* _TRY IT_: For this exercise, copy exactly the lines below from the one with "Фонарь задний левый Lexus RX300 1999" through the one with "Изображение товара Пылесос" and leave out the pictures.

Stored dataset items
+===+
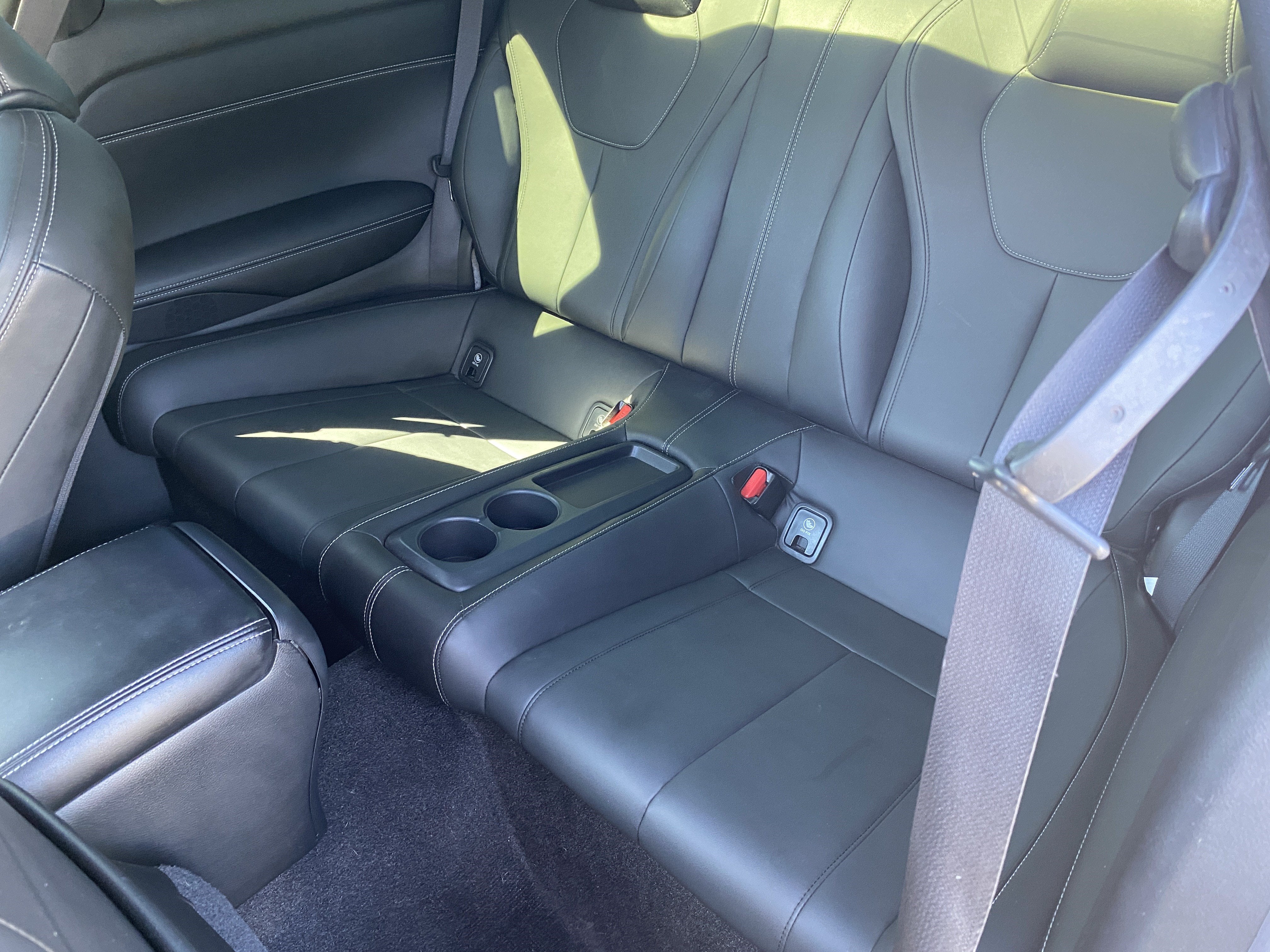 2019 INFINITI Q60 3.0T LUXE RWD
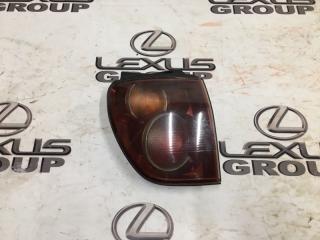 Фонарь задний левый Lexus RX300 1999
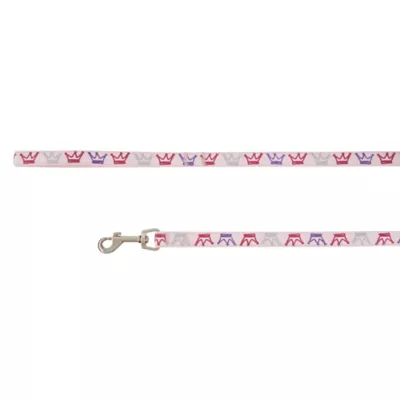 Top Paw® Princess Dog Leash: 6-ft long - Image 1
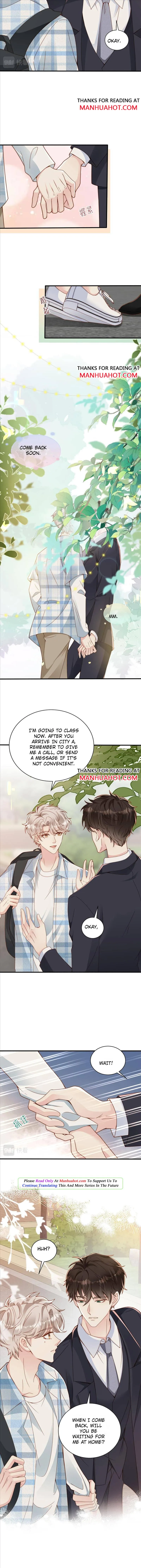 After Pretending To Have Amnesia, My Rival Said I Was His Boyfriend Chapter 33 page 3 - 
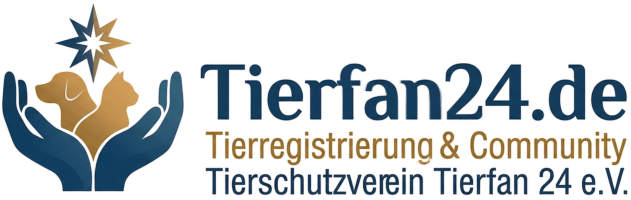Tierfan24 • Tier Portal und Tierregistrierung Tierfan24 • Tier Portal und Tierregistrierung
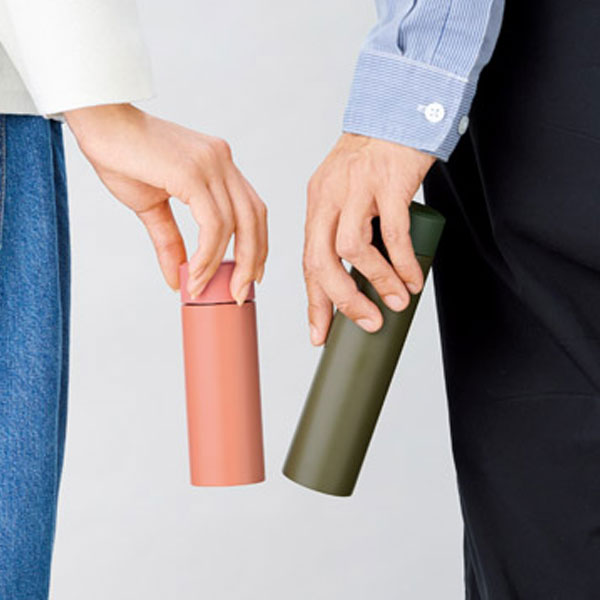 リット 真空ステンレスボトル180ml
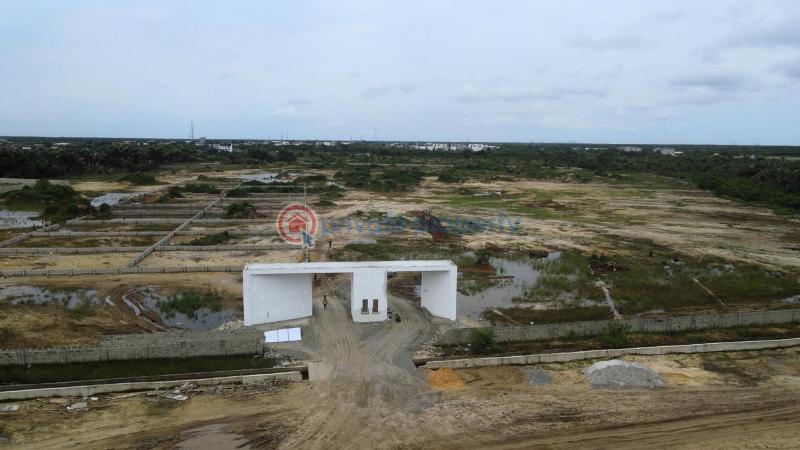 Residential Land For Sale Iberekodo Off Lekki/epe Express Way, Beside Eleganza, Ibeju Lekki Lagos. Ibeju-Lekki Lagos - 4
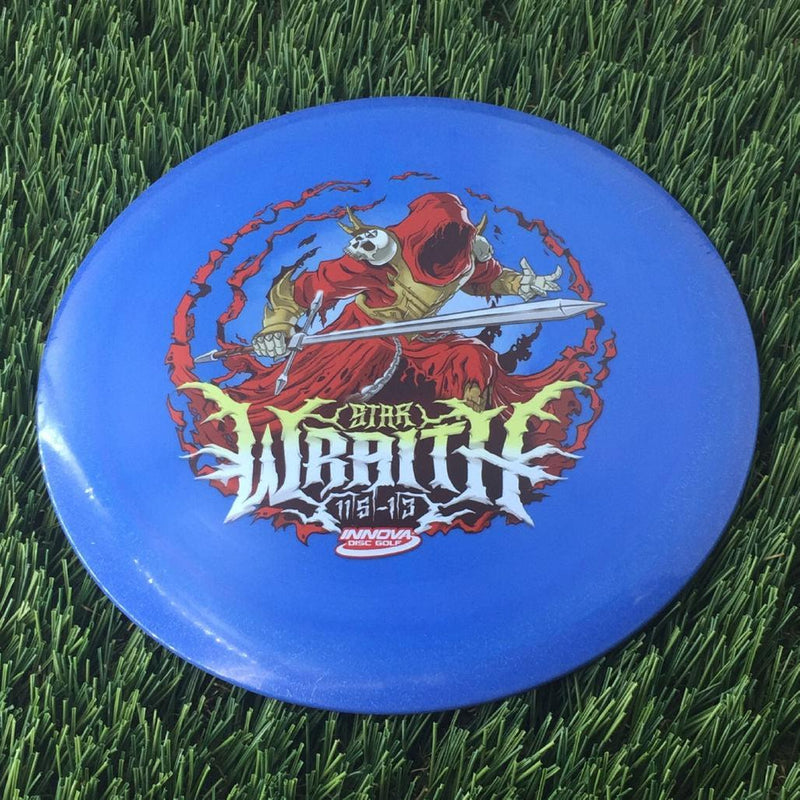 Innova InnVision Star Wraith- 175 Blue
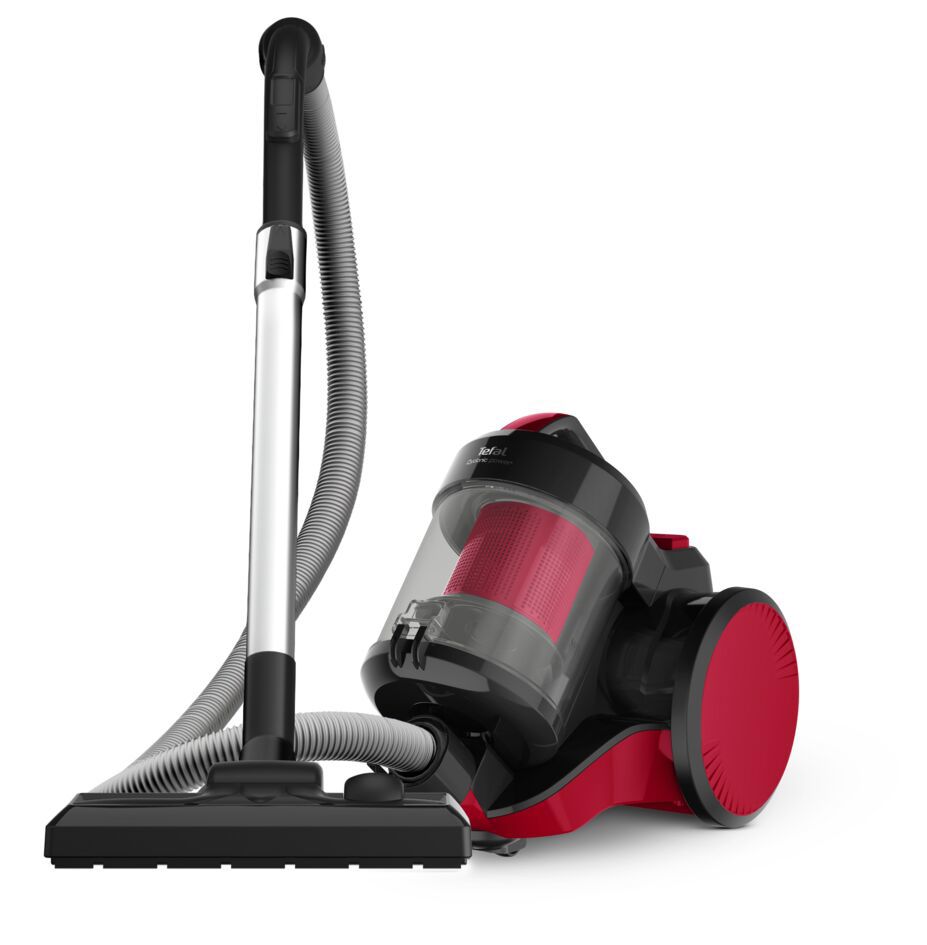 Изображение товара Пылесос портативный Tefal Tw1923rh 1200 Вт 1.3 л цвет красный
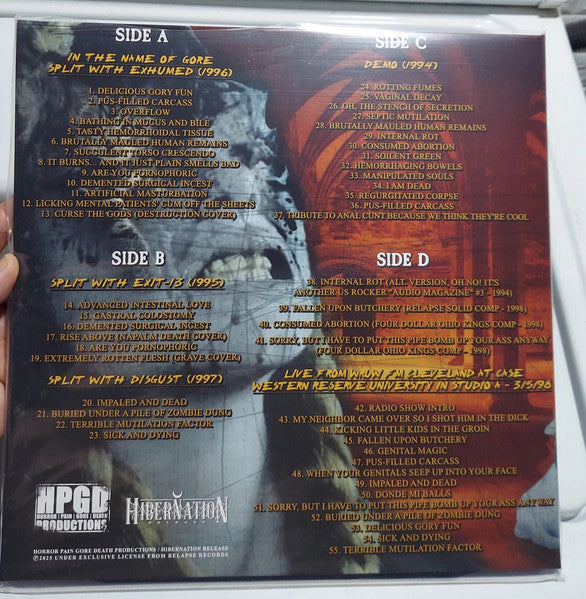 Hemdale : Rad Jackson (LP,Compilation,Limited Edition,Reissue,Remastered)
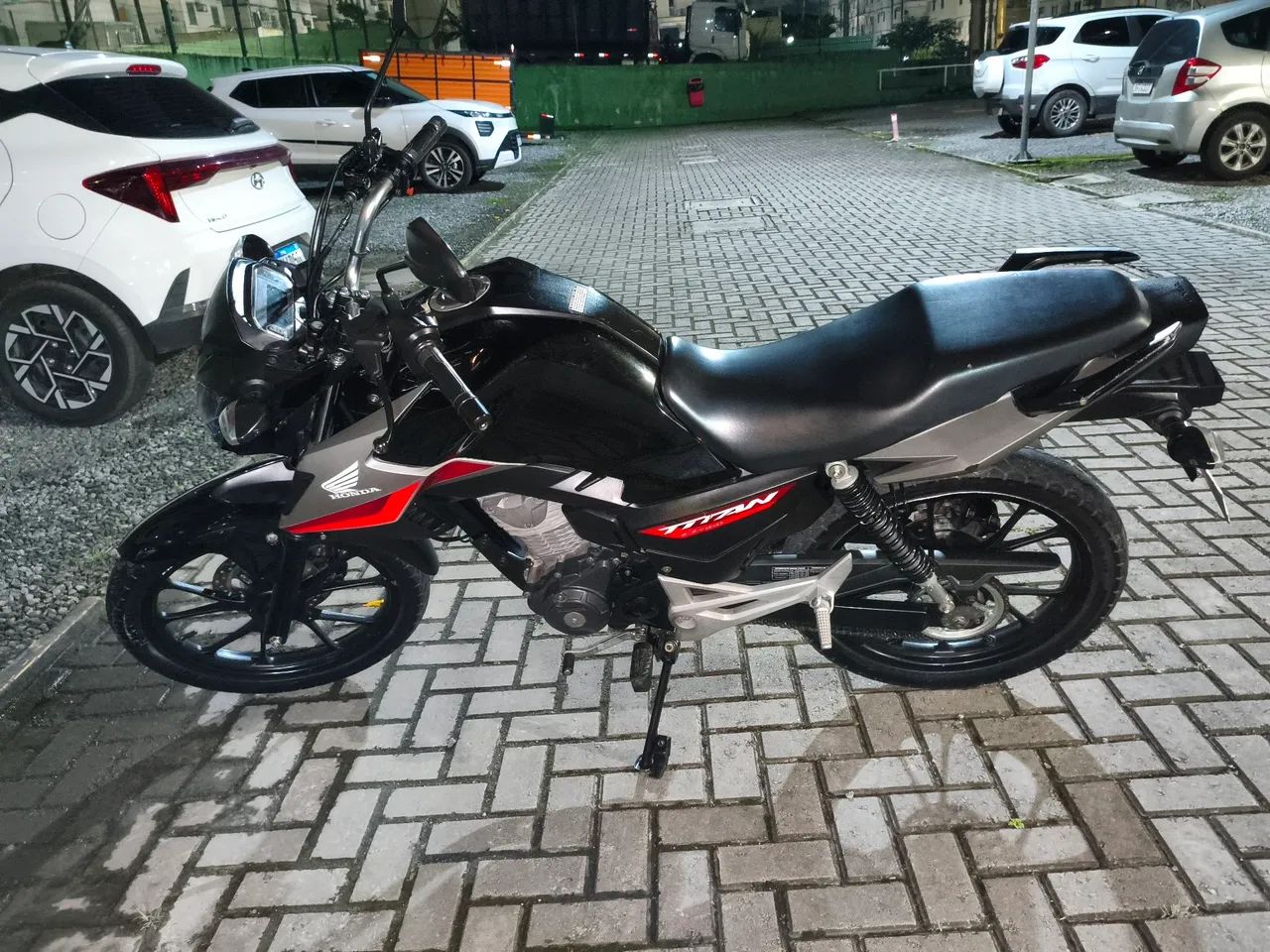 Titan 160 ABS 2025  - Foto 2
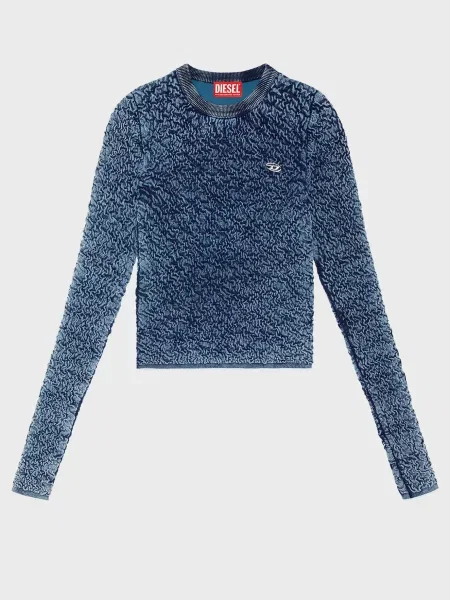 Топ Diesel синій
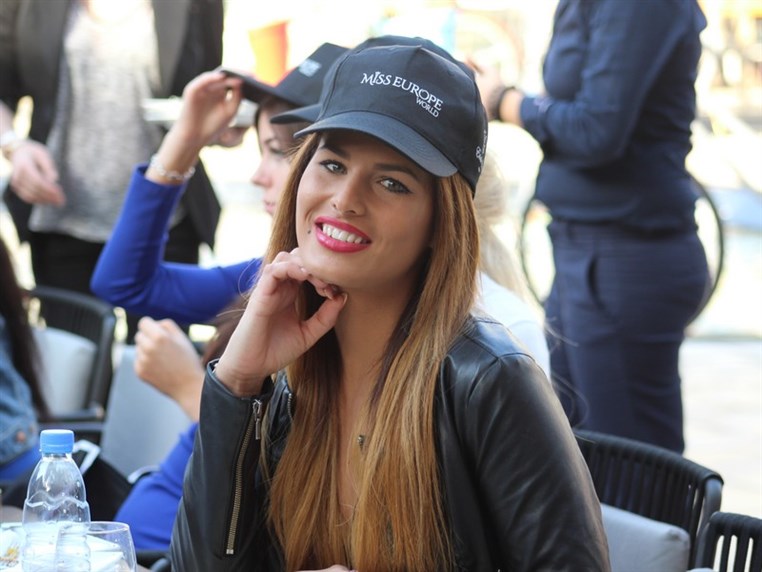 Miss Europe World 2016 Day out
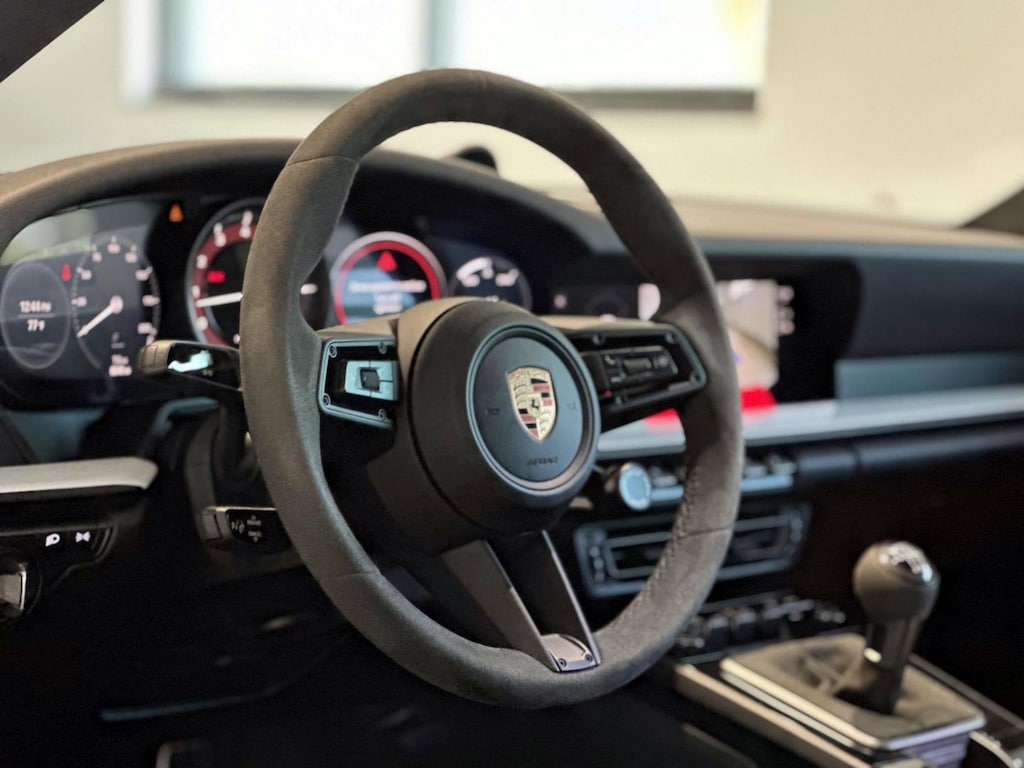 Used 2024 Porsche 911 Carrera T Coupe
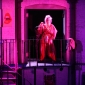 <p>Josephine Thorpe as Dominic&rsquo;s Grandmother in <em>The Sofa</em>, photograph by Belinda Lawley</p>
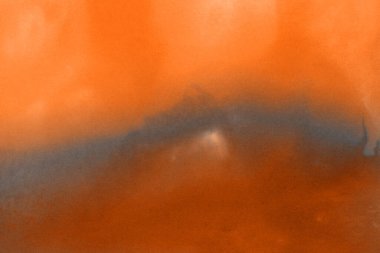 turuncu sıvı mürekkep, dijital duvar kağıdı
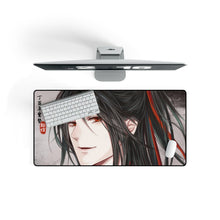 Load image into Gallery viewer, Mo Dao Zu Shi Mouse Pad (Desk Mat) On Desk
+===+
* _TASK RESULT_:
 Фонарь задний левый Lexus RX300 1999
 Top Paw® Princess Dog Leash: 6-ft long - Image 1
 After Pretending To Have Amnesia, My Rival Said I Was His Boyfriend Chapter 33 page 3 - 
Tierfan24 • Tier Portal und Tierregistrierung Tierfan24 • Tier Portal und Tierregistrierung
 リット 真空ステンレスボトル180ml
 Residential Land For Sale Iberekodo Off Lekki/epe Express Way, Beside Eleganza, Ibeju Lekki Lagos. Ibeju-Lekki Lagos - 4
 Innova InnVision Star Wraith- 175 Blue
 Изображение товара Пылесос портативный Tefal Tw1923rh 1200 Вт 1.3 л цвет красный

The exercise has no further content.